In effetti, una volta esclusa la credibilità dei fatti narrati, vi è un difetto di allegazione della parte, circa l’esistenza, nello Stato di provenienza, di specifiche condizioni di pregiudizio ai diritti fondamentali della persona che, bilanciati con il grado di integrazione sociale e lavorativo raggiunto, possano essere posti a fondamento del riconoscimento di motivi umanitari per il rilascio del permesso di soggiorno.

In assenza di tale concreta allegazione, la parte non può pretendere l’attivazione del dovere di cooperazione istruttoria, che attiene alla prova e non alla deduzione delle parti.

5. In conclusione, il ricorso deve essere dichiarato inammissibile.

6. La costituzione dell’amministrazione intimata al di fuori dei termini previsti dall’art. 370 c.p.c., e al solo fine dell’eventuale partecipazione all’udienza di discussione, non celebrata, esime il collegio dal provvedere alla regolazione delle spese di lite.

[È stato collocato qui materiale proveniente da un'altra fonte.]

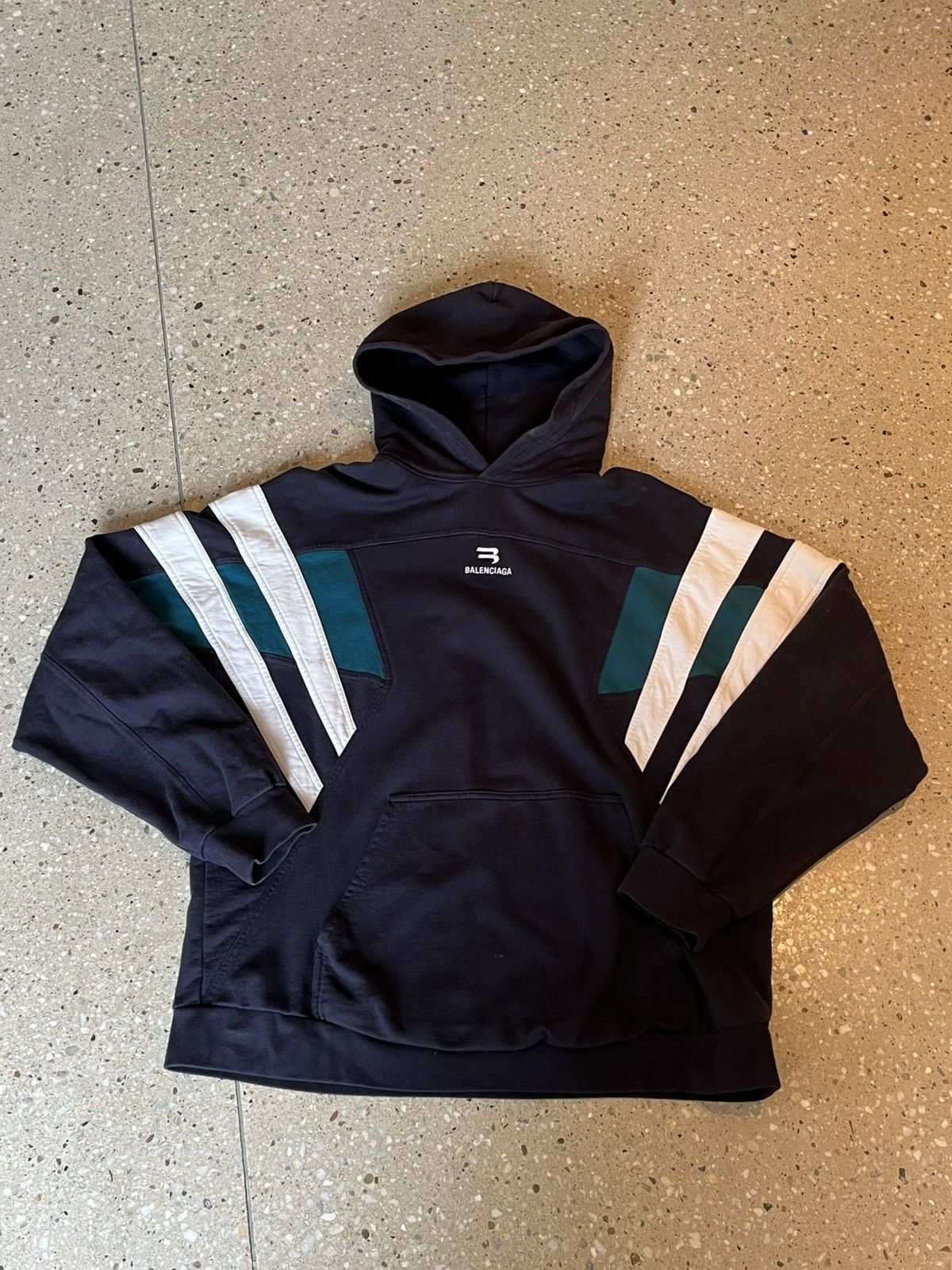 Balenciaga Balenciaga « Sporty B » Tracksuit Hoodie Size US L / EU 52-54 / 3 - 5 Thumbnail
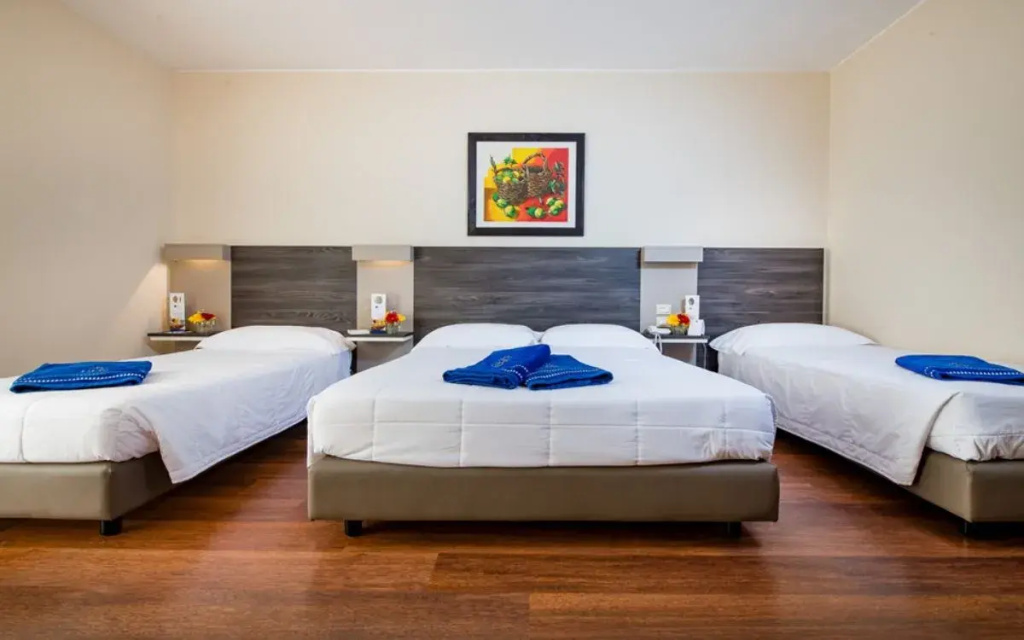 Astoria Palace Hotel - Chambres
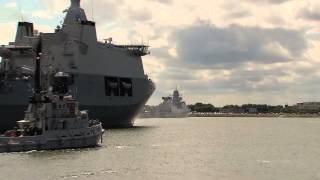 MP3 MBA Aankomst Karel Doorman in Den Helder Photo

7. In applicazione del D.P.R. n. 115 del 2002, art. 13, comma 1 quater, si deve dare atto della sussistenza dei presupposti processuali per il versamento da parte della ricorrente di un ulteriore importo a titolo di contributo unificato, pari a quello dovuto per l’impugnazione proposta, se dovuto.

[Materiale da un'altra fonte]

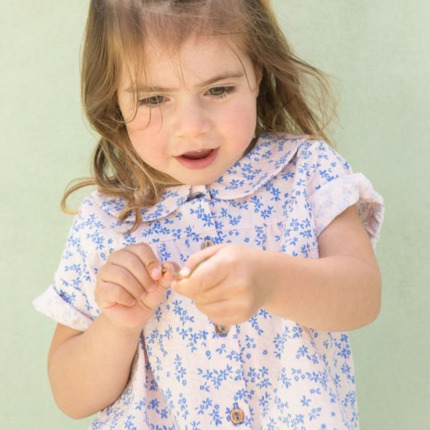Blusa Little Flowers.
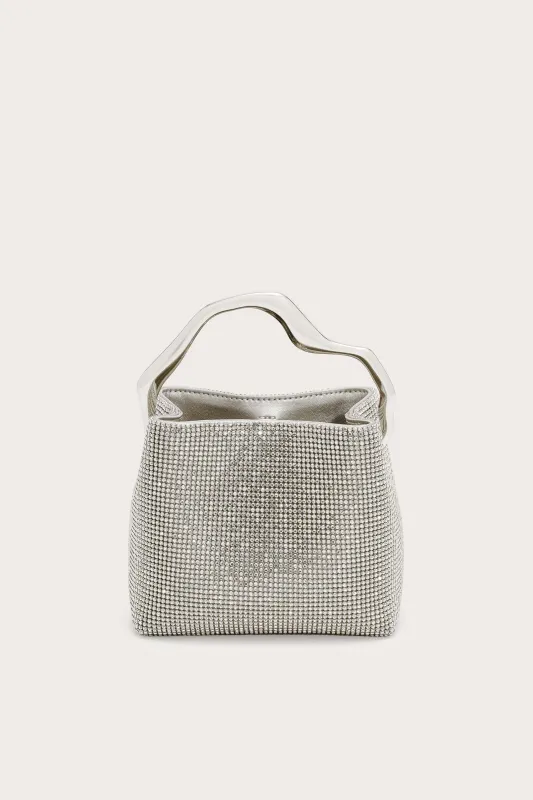 SOLENE MINI TOP HANDLE - CLEAR sold by Cult Gaia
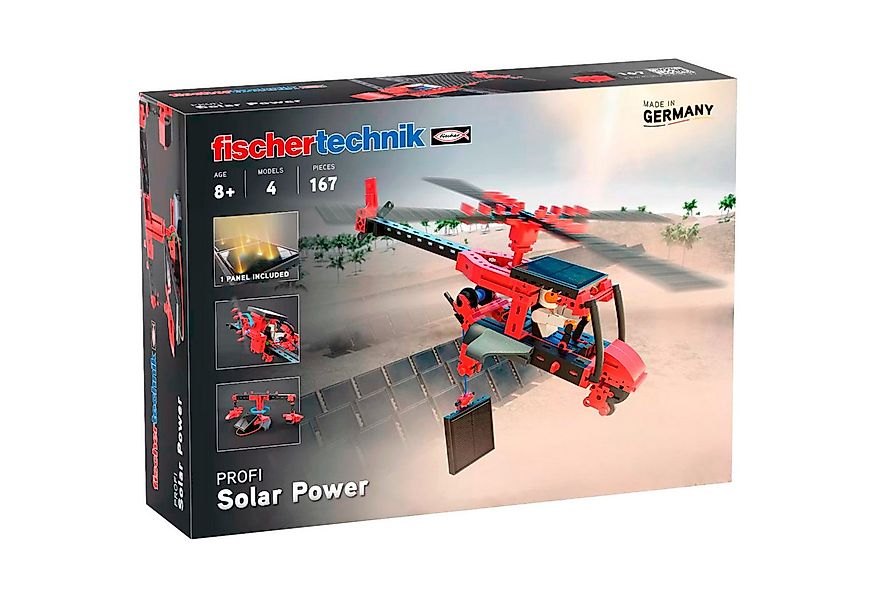 fischertechnik fischertechnik Solar Power, Konstruktionsspielzeug Spielbaus günstig online kaufen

L’attualità o meno dell’ammissione al patrocinio a spese dello Stato non rileva, infatti, ai fini della pronuncia sui presupposti per il raddoppio del contributo unificato, atteso che tale pronuncia lascia impregiudicata la questione della debenza originaria del contributo in esame, con la conseguenza che il suo raddoppio non sarà consentito qualora venga accertato, nelle sedi competenti, che fin dall’inizio ne era escluso anche il pagamento (v. da ultimo Cass., Sez. 3, n. 11116 del 10/06/2020).

P.Q.M.

La Corte

dichiara inammissibile il ricorso;

dà atto, in applicazione del D.P.R. n. 115 del 2002, art. 13, comma 1 quater, della sussistenza dei presupposti processuali per il versamento da parte della ricorrente di un ulteriore importo a titolo di contributo unificato, pari a quello dovuto per l’impugnazione proposta, se dovuto.

Così deciso in Roma, nella Camera di consiglio della Sezione Prima Civile della Corte Suprema di Cassazione, mediante collegamento “da remoto”, il 21 ottobre 2021.